## Abstract

Safran Electronics & Defense is developing a multi-target detection, classification, tracking and localization video chain for land, sea and airborne defence applications to assist operators in their missions.

This video chain can be deployed in the context of directional sights, handheld cameras, panoramic surveillance sights, or distributed wide field sensors. 

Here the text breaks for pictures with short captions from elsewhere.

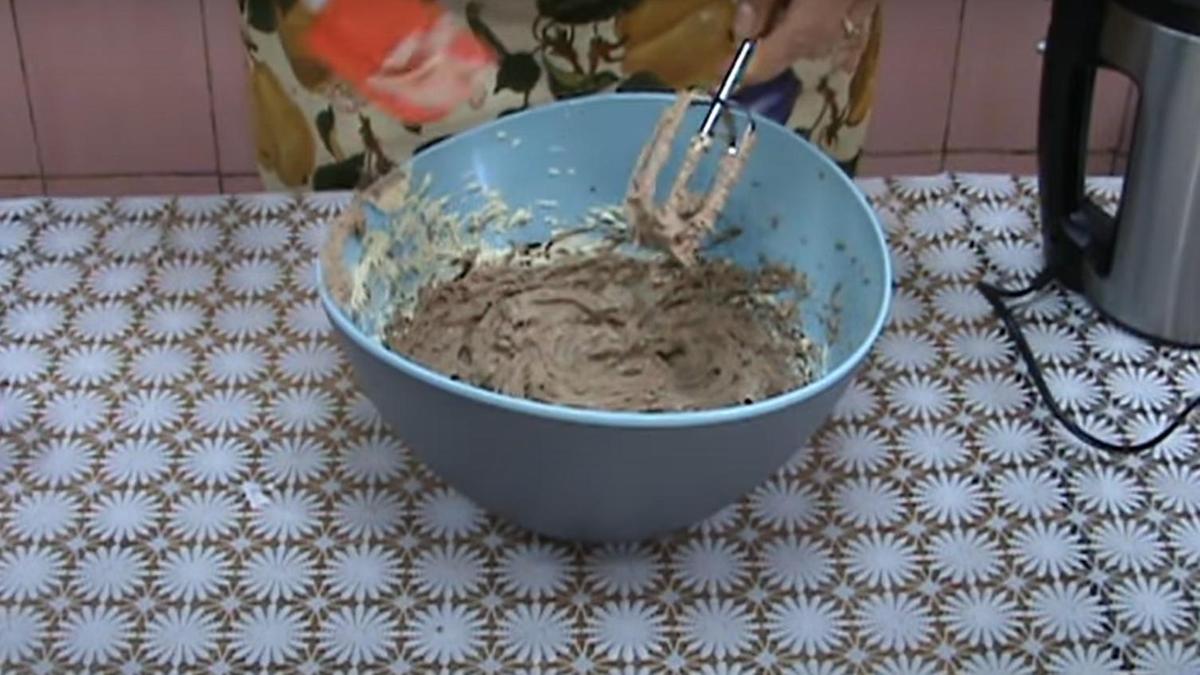 Взбитый крем в миске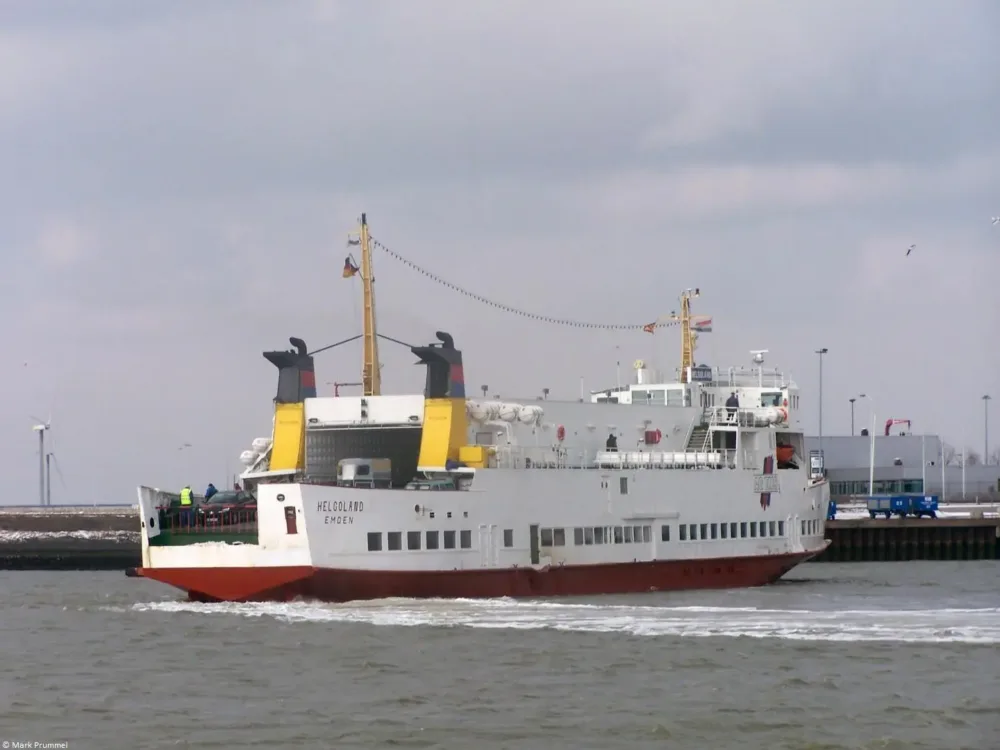 Helgoland arriving in Eemshaven, 11-03-2006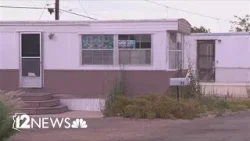 Пожилые люди были вынуждены переехать после закрытия парка мобильных домов в городе Меса.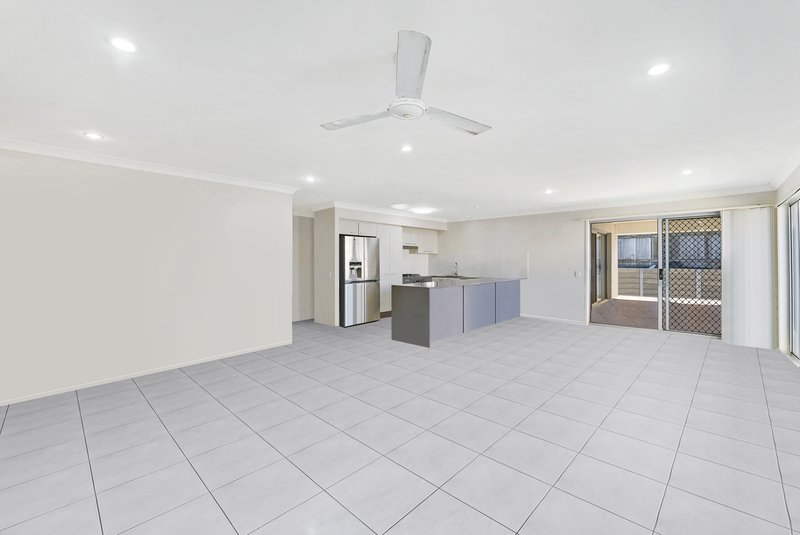 Photo - 56 Glengrove Circuit, Mango Hill QLD 4509 - Image 6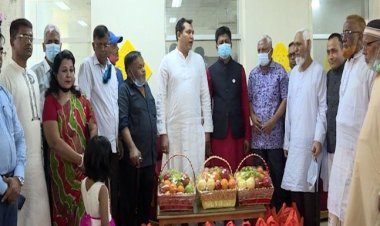 মুক্তিযোদ্ধা ও শহিদ পরিবারে মিষ্টি ও ফল পাঠালেন প্রধানমন্ত্রী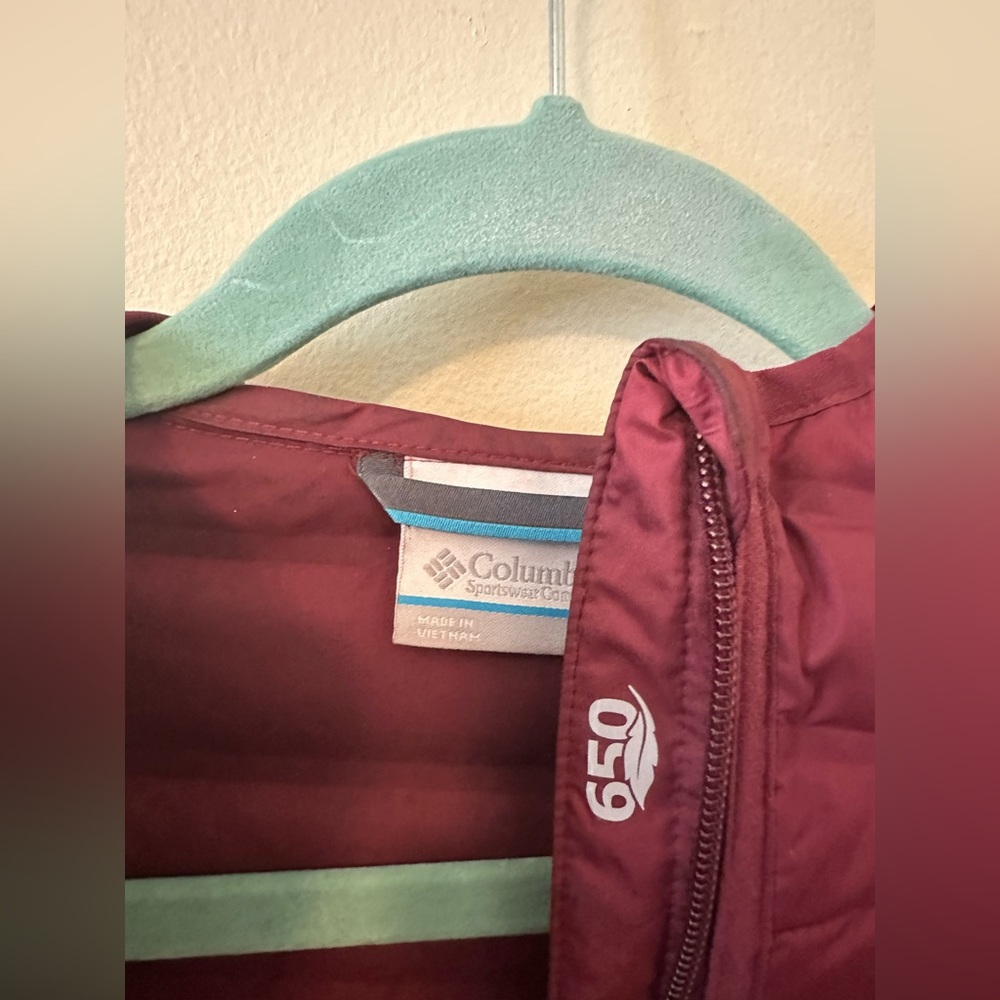 Columbia Puffer Jacket with Water-Resistant Finish - Picture 8 of 11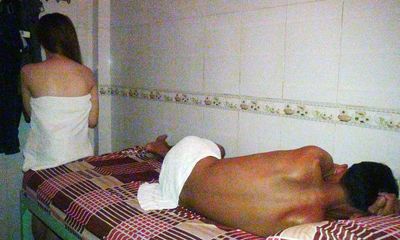 Bắt quả tang nữ tiếp viên massage bán dâm ở Lạng Sơn: Chủ chứa thu 200-250 nghìn đồng/lượt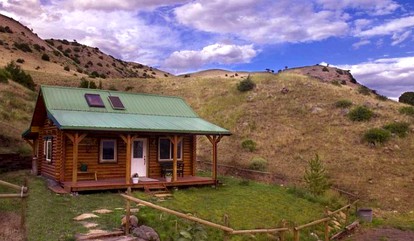 Beautiful Cabin Rental near Yellowstone National Park, Montana - glamping.directory
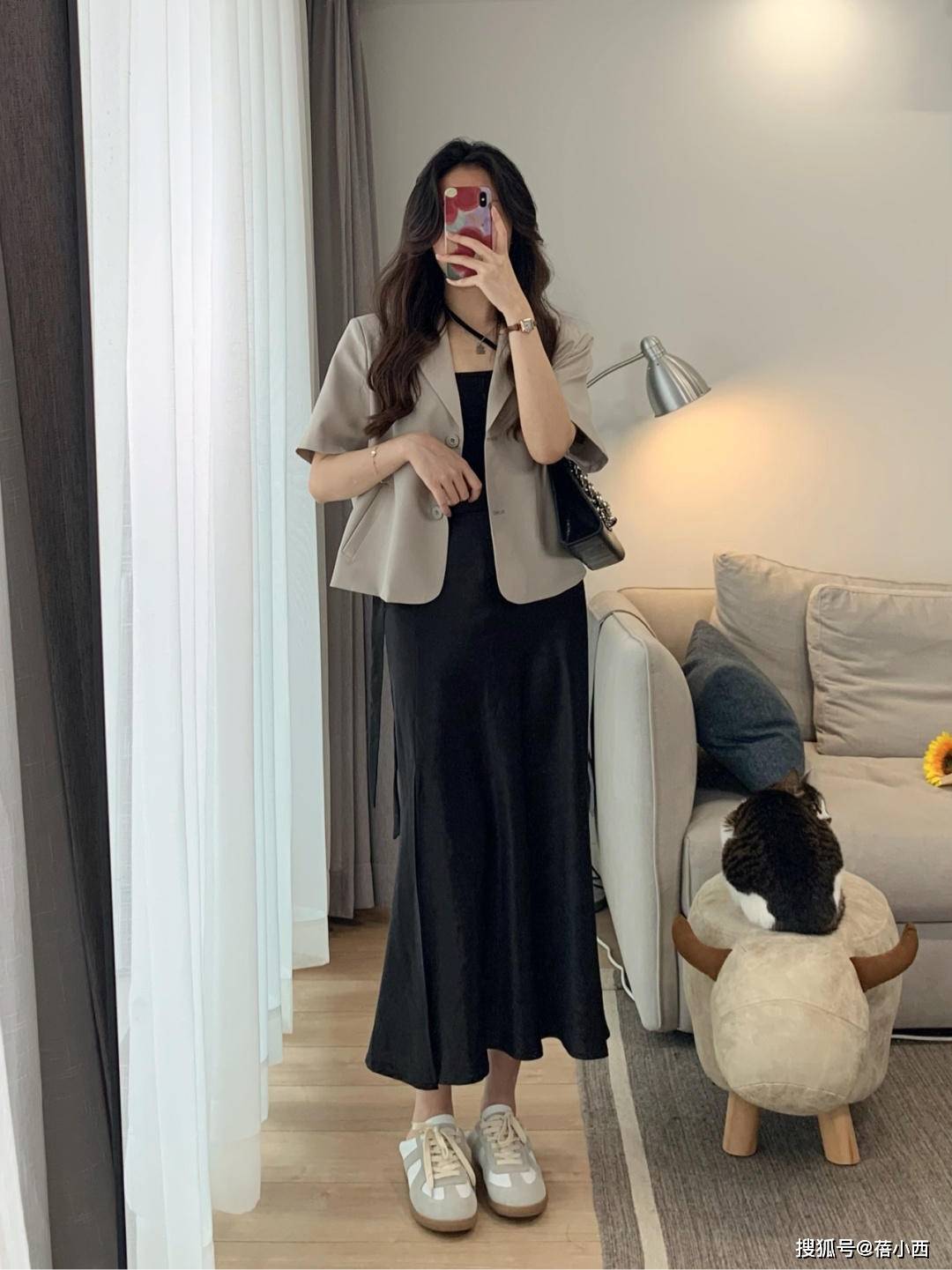 整体 “西装外套”的高阶穿法来了，一衣多穿时髦又气质，适合秋天穿搭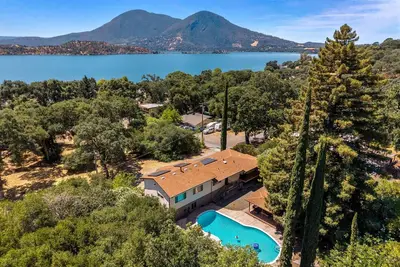Image de Compound by the Lake with Private Pool
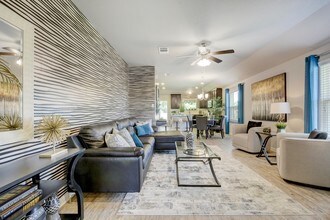 Walden Square in Pflugerville, TX - Building Photo - Building Photo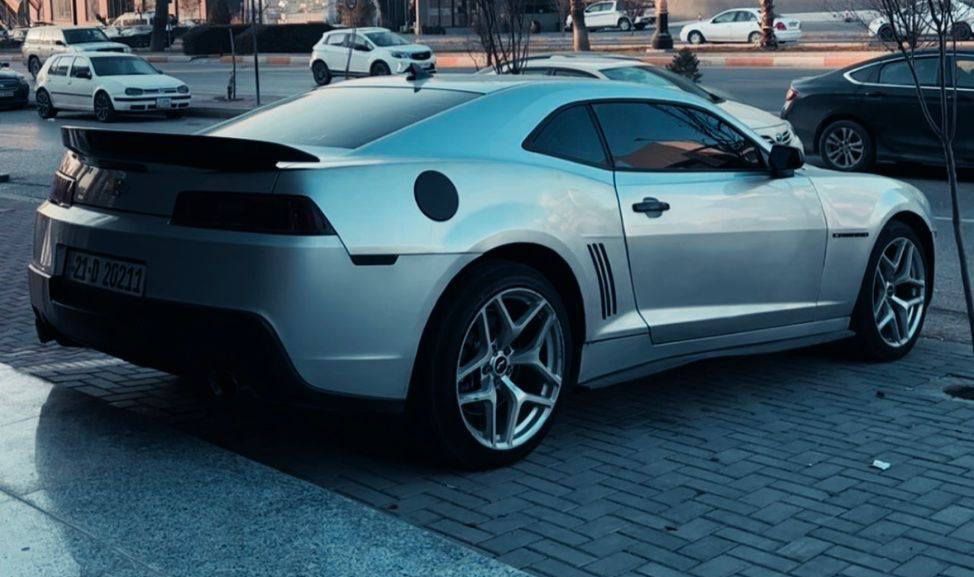 شۆفلیت کامارۆ 2015 مواسەفات RS
٥پارچەی بۆیاخە
118.000 مایل ڕۆشتوە 
بێعەیبو عارە 
سەنەوی تازەیە 
هەزەی تازەیە
تازە کامل کامل
مەسرەف کراوە

سعر لە کۆمێنت داوابکە ڕاستەخۆ بۆت دیت 📩 

گیرومەکینە بەشەرت زۆربەجوانی پاکی ماوە هیچ خەلەلیکی تیدا نییە 

ژمارەی خاوەنی 
***********
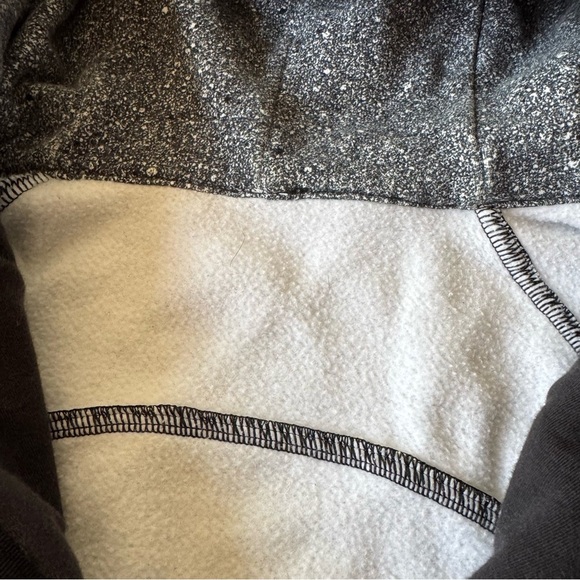 Lululemon Size 4 Scuba Hoodie Full Zip Cotton Fleece Splatter White Black - Picture 5 of 8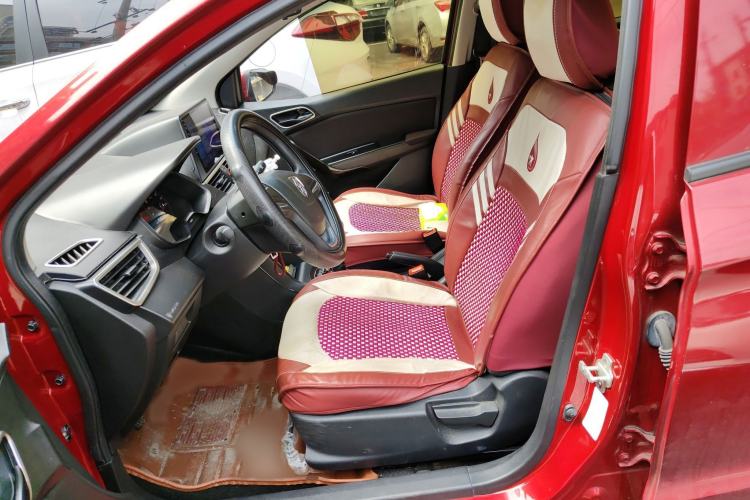 Used Baojun 310 2016 1.2L manual Comfort trim level Left Front Seat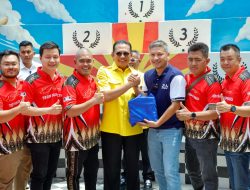 Ketua Umum IMI Bamsoet Serahkan Hadiah Kepada Juara Black Stone Live Modz 2022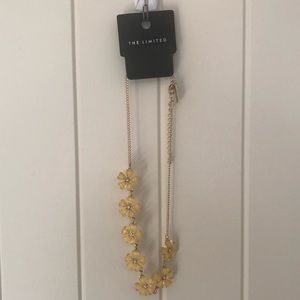 White and gold flower necklace from The Limited. Never worn, still has the tag.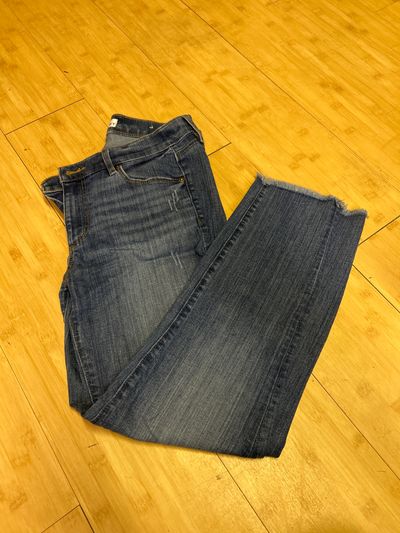 Loft Modern Skinny Frayed Ankle Women's 4
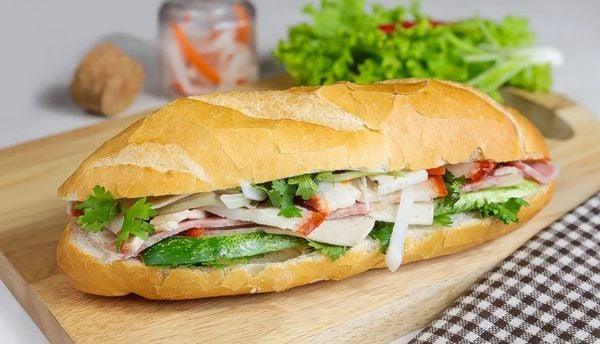 Thưởng thức trọn vẹn hương vị bánh mì với sự kết hợp hoàn hảo giữa vỏ bánh giòn tan, nhân thịt đậm đà.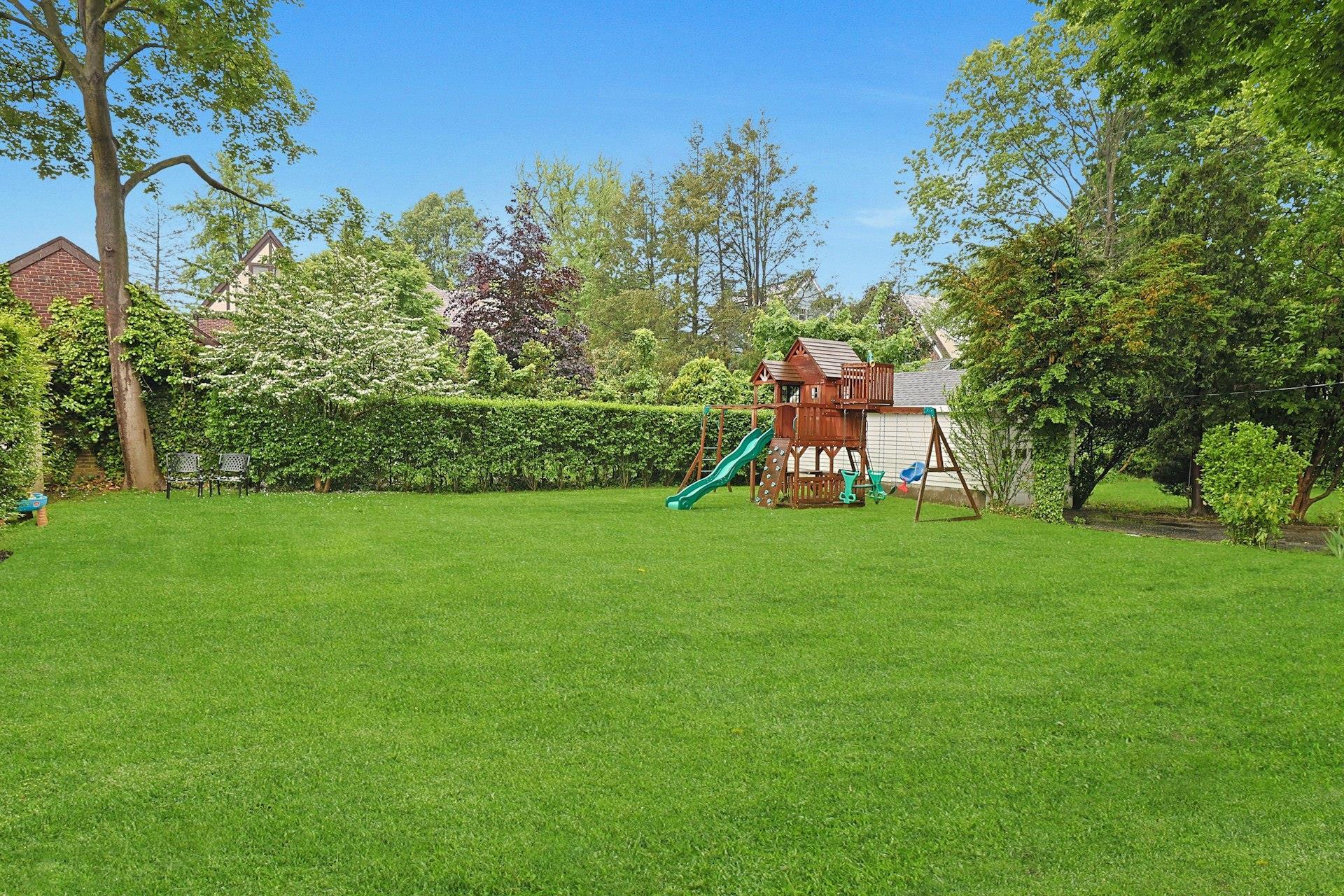 Property Photo:  232 Coligni Avenue  NY 10801 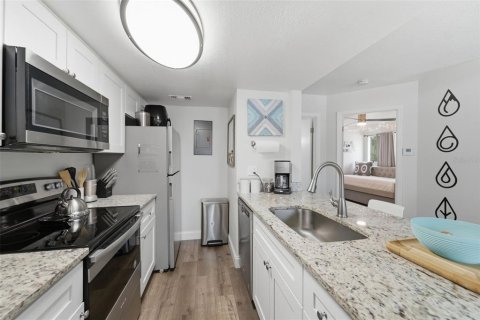 Condo in Altamonte Springs, Florida, 2 bedrooms  № 2106850 - photo 11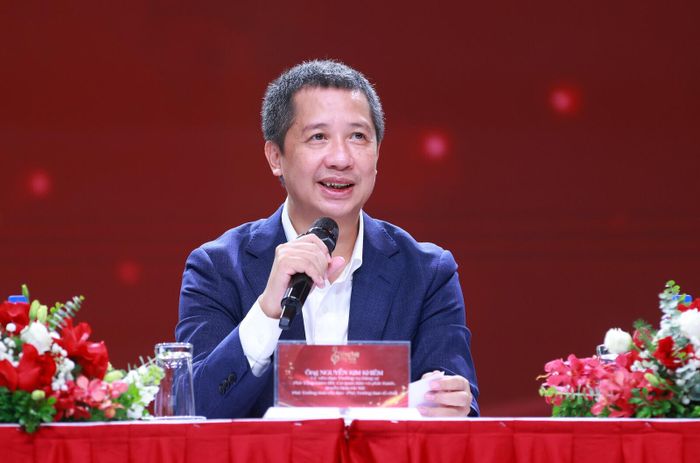 Nhà báo Kim Khiêm, Phó Tổng Giám đốc Cơ quan Báo và Phát thanh, Truyền hình Hà Nội, Phó Trưởng ban Chỉ đạo, Phó Trưởng ban Tổ chức cuộc thi.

Safran Electronics & Defense wishes to optimize the valorization of its image & video database, which is heterogeneous, both in terms of content (type of campaign air, land, sea, type of sensor, associated metadata of navigation, image content, etc etc) and in terms of form (file format). 

## Introduction

As part of our annual INFONUM project, we are partnering with the company SAFRAN.
 
Thus, within the framework of this project, we have to set up an architecture for extracting metadata each time a new file is added to the storage server. This architecture includes different bricks (extraction module, database, GUI, etc.) and notably AI bricks. Our partner gave us the freedom to choose what we would like to implement and we chose to work on a Deep Learning module allowing us to classify the contexts to which the imported images could belong (aerial, rural, maritime, desert, mountainous context).
 
Having seen that it was possible to couple the project of the Deep Learning module with the project of another course requiring a Deep Learning part, we thus made the choice to link these two projects.
 
The team is composed of two students: LEVY Daniel and PUJOL Corentin. As I stated above, we want to implement and compare different Deep Learning approaches to extract the context of different images. The objective would be to implement different models (ResNet, MobileNet, VGG for example) and to study their hyperparameters in order to obtain the best possible results on context extraction. The data used will be those proposed by the partner. As the partner has not yet provided us with the data, we have found several sources allowing us to start working with a dataset obtained from the Kaggle platform. 
 
The approach we would like to take would be to implement different pre-trained models, then to perform Transfer Learning (with and without fine-tuning) in order to make these models perform well on our data.

## Dataset presentation

This is Landscape classification dataset. This data consists of 5 different classes. Each class representing a kind of landscape. These classes are :

    Coast
    This class contains images belonging to coastal areas, or simply beaches.

    Desert
    This class contains images of desert areas such as Sahara Thar, etc.

    Forest
    This class is filled with images belonging to forest areas such as Amazon.

    Glacier
    This class consists of some amazing white images, These images belongs to glaciers. For example, the Antarctic.

    Mountains
    This class shows you the world from the top i.e. the mountain areas such as the Himalayas.
    
This data is first divided into 3 sub directories. These sub directories are the training, validation, and testing data directories. Another directory of tensorflow records is also added, which is further divided into 3 directories of training, validation and testing data, containing the tensorflow records of these images. This allow you to load the data both using Image Data Generator, or using the tensorflow records.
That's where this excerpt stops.